Lemper, Kue Tradisional Sepanjang Masa

Tidak ada yang tahu sejak kapan lemper ini dikenal sebagai kue tradisional . Tidak juga ada yang memberi kabar dari mana kue yang berbahan baku ketan ini berasal. 

Yang jelas sekarang lemper sudah menjadi salah satu kue tradisional favorit masyarakat Indonesia. Di Jawa tengah ada lemper yang diisi aneka abon dan dikukus. 

Di Jakarta lemper biasa disajikan tanpa dikukus lagi karena ketan dan isian abonnya memang sudah matang. Di PAdang, lemper biasa disajikan dengan dibakar terlebih dahulu diatas bara api. 

Ada beberapa isian lemper yang menjadi favorit yaitu abon daging sapi, abon ayam, bahkan juga abon ikan.
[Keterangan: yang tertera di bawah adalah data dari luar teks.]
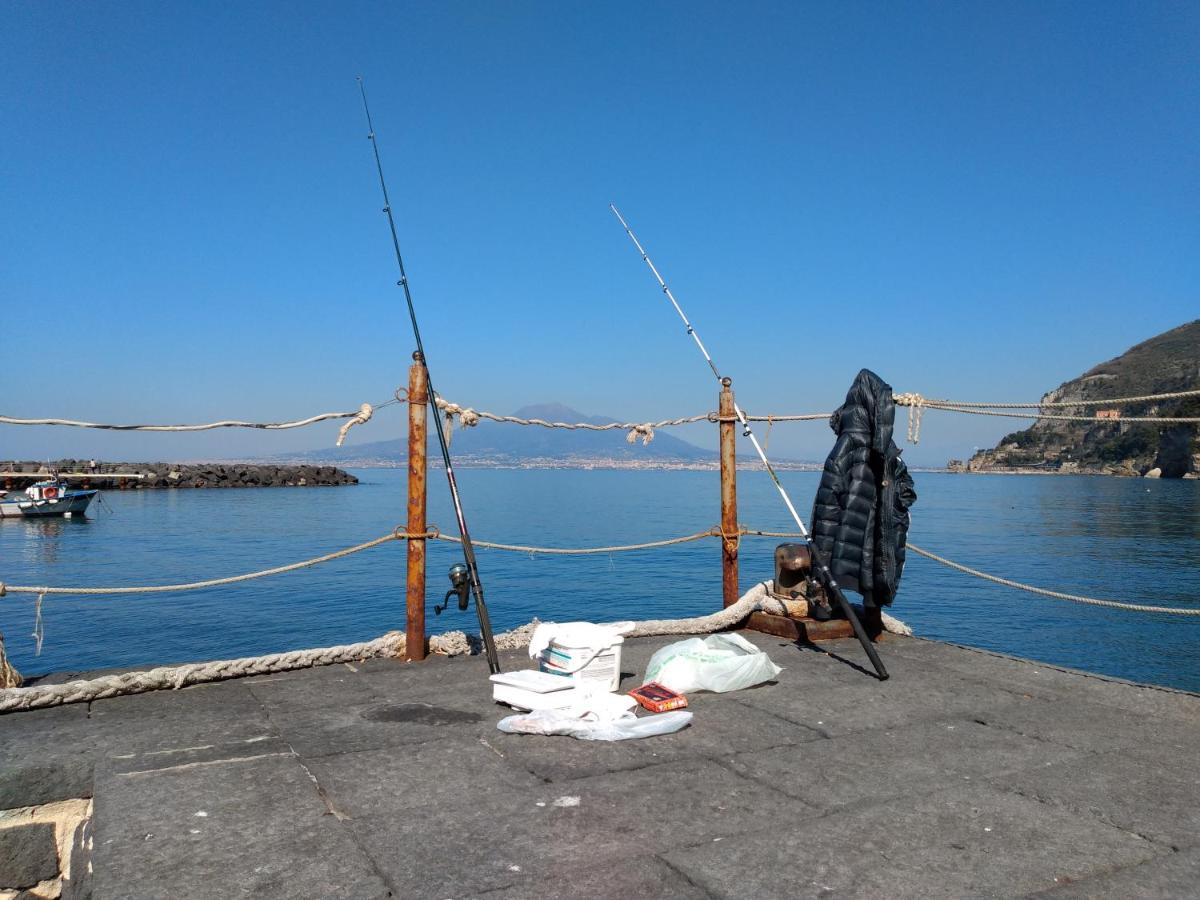 Confort By The Sea photo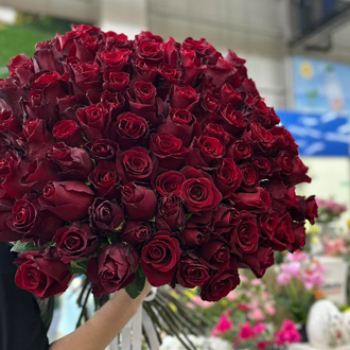 ვარდები primary image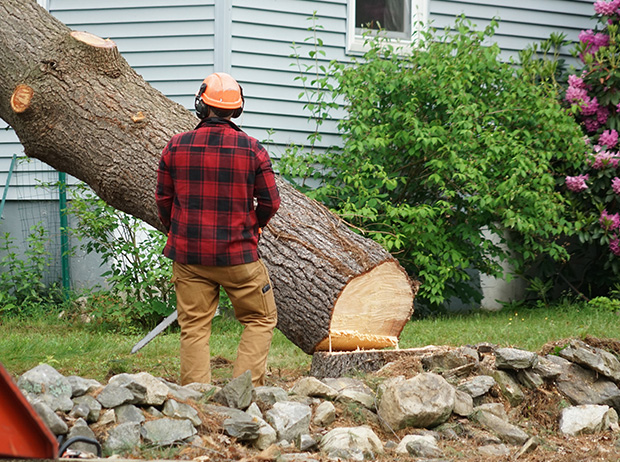 Tree Services | Residential Tree Removal
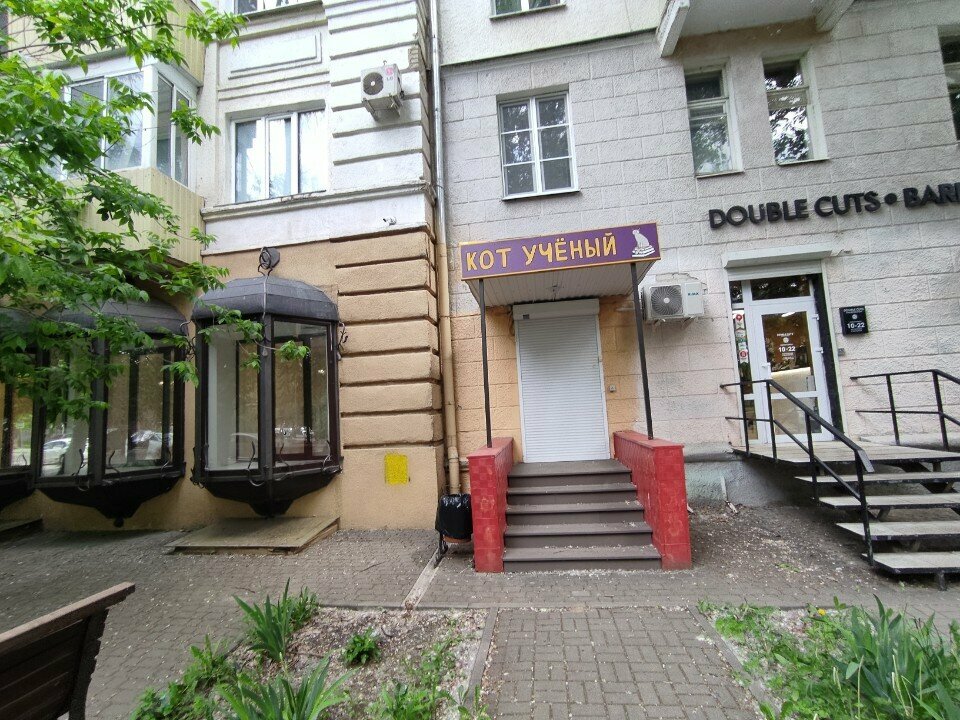Tutoring Кот ученый, Voronezh, photo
Bahkan sekarang lemper sudah dimodifikasi menjadi lemper goreng. Jadi ketan yang udah diisi dengan abon akan diberi balutan tepung panir kemudian digoreng hingga kecoklatan. 

Berikut ini adalah resep lemper yang biasa dibuat oleh ibuku. 

Bahan 

  • 250 gram ketan 
  • 250 ml santan dari 1 butir kelapa 
  • ½ sdt garam 
  • 100 gram abon untuk isi 
  • Daun untuk membungkus 


Cara Membuat 

  1. Rendam ketan selama minimal 3 jam, tiriskan. 
  2. Kukus ketan selama 20 menit, angkat. 
  3. Campurkan ketan kukus dan santan, garam serta daun pandan. Aduk hingga rata. 
  4. Kukus kembali ketan hingga matang selama kurang lebih 30 menit. Angkat dan dinginkan. 
  5. Ambil satu sendok makan ketan, pipihkan pada telapak tangan. 
  6. Tambahkan abon ditengah ketan. 
  7. Bentuk ketan menjadi oval sehingga abon berada di dalamnya. 
  8. Bungkus dengan daun pisang. 
  9. Kukus lemper selama 15-20 menit hingga daun layu.